The Naran, also known as the Naran Hyper Coupe, is a bespoke 2+2 sports car manufactured by U.K.-based automobile manufacturer Naran Automotive. Unveiled to the public in the late November 2020, it is the first car, and the first one-off limited-edition model built by the brand.

== Specifications ==
The Naran is powered by a bespoke 5-liter twin-turbo V8, made by German firm Racing Dynamics making 1,048 PS (1,034 HP) and 1,036 nm (764 ft-lb) of torque. The engine of the Naran is placed in a front-mid placement, allowing for balanced weight distribution, allowing for the powertrain to switch from 4-wheel drive to rear-wheel drive. All this allows the Naran to go from 0-60 mph in 2.3 seconds, 0-100 mph in 4.5 seconds, and 0-200 mph in 16.5 seconds, with a top speed of more than 230 mph.

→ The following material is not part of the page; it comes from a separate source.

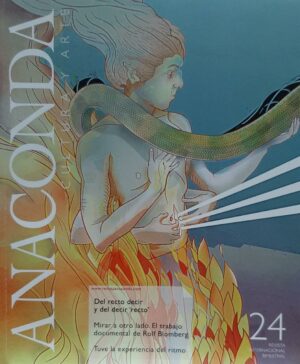 REVISTA ANACONDA CULTURA Y ARTE Desde la N.24 hasta la N.38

The Naran also features its carbon-composite body, a hydraulic steering setup, a double-wishbone suspension system, 22-inch hybrid carbon wheels, 390-mm forged carbon-ceramic brakes, and four-way adjustable dampers, with the aerodynamics of the car offering up to a total of 3,036 lbs (1,377 kg) of downforce, all to provide driving dynamics similar to that of a GT3 racecar.

== Design ==
The Naran was designed with the intent to embody a GT3 hypercar that could set fast laps around the Nurburgring. The designer of The Naran, Jowyn Wong, also had previously designed the DeTomaso P72. Most of The Naran's mechanical components are supplied by EY3 Engineering and Daniel Mense, a vehicle dynamics engineer whose experience included working with the development of the NIO EP9.

== Production ==
The Naran is scheduled to go into production in 2025, with a limited run of 39 units. Upon delivery, customers of the Naran will be able to give it a bespoke name.